§ The problem: Repeat each line of the material below without change.

━━━━━ Provided data ━━━━━

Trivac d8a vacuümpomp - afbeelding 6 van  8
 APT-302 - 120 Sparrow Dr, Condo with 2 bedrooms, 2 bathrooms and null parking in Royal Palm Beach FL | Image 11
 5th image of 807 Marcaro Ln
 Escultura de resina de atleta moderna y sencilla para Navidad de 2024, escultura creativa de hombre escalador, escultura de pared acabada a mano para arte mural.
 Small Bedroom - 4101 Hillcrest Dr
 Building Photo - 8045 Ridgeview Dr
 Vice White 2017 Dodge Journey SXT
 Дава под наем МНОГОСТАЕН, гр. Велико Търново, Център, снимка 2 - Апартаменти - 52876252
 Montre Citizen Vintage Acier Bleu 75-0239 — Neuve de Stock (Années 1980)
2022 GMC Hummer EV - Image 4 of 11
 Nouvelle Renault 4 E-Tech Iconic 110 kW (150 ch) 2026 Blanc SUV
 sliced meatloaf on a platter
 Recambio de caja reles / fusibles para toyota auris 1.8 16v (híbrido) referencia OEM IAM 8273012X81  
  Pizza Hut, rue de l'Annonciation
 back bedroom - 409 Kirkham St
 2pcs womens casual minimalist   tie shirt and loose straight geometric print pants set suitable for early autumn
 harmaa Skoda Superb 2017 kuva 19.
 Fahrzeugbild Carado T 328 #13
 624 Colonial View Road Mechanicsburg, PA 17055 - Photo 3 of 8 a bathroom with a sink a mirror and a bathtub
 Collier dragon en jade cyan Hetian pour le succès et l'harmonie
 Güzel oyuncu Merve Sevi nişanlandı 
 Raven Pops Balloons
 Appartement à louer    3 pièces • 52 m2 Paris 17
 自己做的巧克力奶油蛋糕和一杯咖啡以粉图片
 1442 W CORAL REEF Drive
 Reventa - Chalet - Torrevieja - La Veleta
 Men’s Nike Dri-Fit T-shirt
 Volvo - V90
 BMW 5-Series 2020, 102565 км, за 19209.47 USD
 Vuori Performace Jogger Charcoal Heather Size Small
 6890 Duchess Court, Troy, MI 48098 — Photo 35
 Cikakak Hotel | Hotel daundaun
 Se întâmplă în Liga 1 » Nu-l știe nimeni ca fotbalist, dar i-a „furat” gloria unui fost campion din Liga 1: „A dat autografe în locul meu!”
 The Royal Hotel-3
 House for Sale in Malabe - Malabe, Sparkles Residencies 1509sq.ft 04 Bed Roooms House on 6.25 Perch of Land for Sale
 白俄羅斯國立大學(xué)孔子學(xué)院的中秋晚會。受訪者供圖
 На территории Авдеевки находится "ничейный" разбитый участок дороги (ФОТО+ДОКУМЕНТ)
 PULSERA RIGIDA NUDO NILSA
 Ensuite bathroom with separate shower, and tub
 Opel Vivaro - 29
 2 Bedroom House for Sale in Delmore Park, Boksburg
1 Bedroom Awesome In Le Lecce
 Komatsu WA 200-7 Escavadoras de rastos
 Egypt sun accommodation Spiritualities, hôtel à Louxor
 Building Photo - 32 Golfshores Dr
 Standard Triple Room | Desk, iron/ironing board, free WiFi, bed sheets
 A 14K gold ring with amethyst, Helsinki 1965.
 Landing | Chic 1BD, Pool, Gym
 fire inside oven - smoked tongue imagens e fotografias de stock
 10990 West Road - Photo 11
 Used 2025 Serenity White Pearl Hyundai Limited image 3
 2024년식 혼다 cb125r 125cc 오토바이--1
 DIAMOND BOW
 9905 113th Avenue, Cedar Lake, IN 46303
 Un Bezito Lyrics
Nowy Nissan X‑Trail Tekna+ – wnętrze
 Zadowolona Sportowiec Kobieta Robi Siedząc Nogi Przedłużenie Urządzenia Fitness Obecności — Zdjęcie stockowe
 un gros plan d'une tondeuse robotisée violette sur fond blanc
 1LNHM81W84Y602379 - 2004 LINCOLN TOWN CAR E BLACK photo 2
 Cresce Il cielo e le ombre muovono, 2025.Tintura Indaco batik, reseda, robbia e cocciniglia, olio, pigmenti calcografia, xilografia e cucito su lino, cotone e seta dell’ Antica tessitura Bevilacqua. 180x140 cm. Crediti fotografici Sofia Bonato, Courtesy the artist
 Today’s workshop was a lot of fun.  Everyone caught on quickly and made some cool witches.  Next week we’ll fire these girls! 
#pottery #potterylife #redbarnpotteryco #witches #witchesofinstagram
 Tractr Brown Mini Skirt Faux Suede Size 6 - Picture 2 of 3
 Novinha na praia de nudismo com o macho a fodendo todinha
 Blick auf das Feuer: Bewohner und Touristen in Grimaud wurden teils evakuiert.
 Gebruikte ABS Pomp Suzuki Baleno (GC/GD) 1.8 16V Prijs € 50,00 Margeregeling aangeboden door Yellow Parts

━━━━━

§ Solution to this problem:
Trivac d8a vacuümpomp - afbeelding 6 van  8
 APT-302 - 120 Sparrow Dr, Condo with 2 bedrooms, 2 bathrooms and null parking in Royal Palm Beach FL | Image 11
 5th image of 807 Marcaro Ln
 Escultura de resina de atleta moderna y sencilla para Navidad de 2024, escultura creativa de hombre escalador, escultura de pared acabada a mano para arte mural.
 Small Bedroom - 4101 Hillcrest Dr
 Building Photo - 8045 Ridgeview Dr
 Vice White 2017 Dodge Journey SXT
 Дава под наем МНОГОСТАЕН, гр. Велико Търново, Център, снимка 2 - Апартаменти - 52876252
 Montre Citizen Vintage Acier Bleu 75-0239 — Neuve de Stock (Années 1980)
2022 GMC Hummer EV - Image 4 of 11
 Nouvelle Renault 4 E-Tech Iconic 110 kW (150 ch) 2026 Blanc SUV
 sliced meatloaf on a platter
 Recambio de caja reles / fusibles para toyota auris 1.8 16v (híbrido) referencia OEM IAM 8273012X81  
  Pizza Hut, rue de l'Annonciation
 back bedroom - 409 Kirkham St
 2pcs womens casual minimalist   tie shirt and loose straight geometric print pants set suitable for early autumn
 harmaa Skoda Superb 2017 kuva 19.
 Fahrzeugbild Carado T 328 #13
 624 Colonial View Road Mechanicsburg, PA 17055 - Photo 3 of 8 a bathroom with a sink a mirror and a bathtub
 Collier dragon en jade cyan Hetian pour le succès et l'harmonie
 Güzel oyuncu Merve Sevi nişanlandı 
 Raven Pops Balloons
 Appartement à louer    3 pièces • 52 m2 Paris 17
 自己做的巧克力奶油蛋糕和一杯咖啡以粉图片
 1442 W CORAL REEF Drive
 Reventa - Chalet - Torrevieja - La Veleta
 Men’s Nike Dri-Fit T-shirt
 Volvo - V90
 BMW 5-Series 2020, 102565 км, за 19209.47 USD
 Vuori Performace Jogger Charcoal Heather Size Small
 6890 Duchess Court, Troy, MI 48098 — Photo 35
 Cikakak Hotel | Hotel daundaun
 Se întâmplă în Liga 1 » Nu-l știe nimeni ca fotbalist, dar i-a „furat” gloria unui fost campion din Liga 1: „A dat autografe în locul meu!”
 The Royal Hotel-3
 House for Sale in Malabe - Malabe, Sparkles Residencies 1509sq.ft 04 Bed Roooms House on 6.25 Perch of Land for Sale
 白俄羅斯國立大學(xué)孔子學(xué)院的中秋晚會。受訪者供圖
 На территории Авдеевки находится "ничейный" разбитый участок дороги (ФОТО+ДОКУМЕНТ)
 PULSERA RIGIDA NUDO NILSA
 Ensuite bathroom with separate shower, and tub
 Opel Vivaro - 29
 2 Bedroom House for Sale in Delmore Park, Boksburg
1 Bedroom Awesome In Le Lecce
 Komatsu WA 200-7 Escavadoras de rastos
 Egypt sun accommodation Spiritualities, hôtel à Louxor
 Building Photo - 32 Golfshores Dr
 Standard Triple Room | Desk, iron/ironing board, free WiFi, bed sheets
 A 14K gold ring with amethyst, Helsinki 1965.
 Landing | Chic 1BD, Pool, Gym
 fire inside oven - smoked tongue imagens e fotografias de stock
 10990 West Road - Photo 11
 Used 2025 Serenity White Pearl Hyundai Limited image 3
 2024년식 혼다 cb125r 125cc 오토바이--1
 DIAMOND BOW
 9905 113th Avenue, Cedar Lake, IN 46303
 Un Bezito Lyrics
Nowy Nissan X‑Trail Tekna+ – wnętrze
 Zadowolona Sportowiec Kobieta Robi Siedząc Nogi Przedłużenie Urządzenia Fitness Obecności — Zdjęcie stockowe
 un gros plan d'une tondeuse robotisée violette sur fond blanc
 1LNHM81W84Y602379 - 2004 LINCOLN TOWN CAR E BLACK photo 2
 Cresce Il cielo e le ombre muovono, 2025.Tintura Indaco batik, reseda, robbia e cocciniglia, olio, pigmenti calcografia, xilografia e cucito su lino, cotone e seta dell’ Antica tessitura Bevilacqua. 180x140 cm. Crediti fotografici Sofia Bonato, Courtesy the artist
 Today’s workshop was a lot of fun.  Everyone caught on quickly and made some cool witches.  Next week we’ll fire these girls! 
#pottery #potterylife #redbarnpotteryco #witches #witchesofinstagram
 Tractr Brown Mini Skirt Faux Suede Size 6 - Picture 2 of 3
 Novinha na praia de nudismo com o macho a fodendo todinha
 Blick auf das Feuer: Bewohner und Touristen in Grimaud wurden teils evakuiert.
 Gebruikte ABS Pomp Suzuki Baleno (GC/GD) 1.8 16V Prijs € 50,00 Margeregeling aangeboden door Yellow Parts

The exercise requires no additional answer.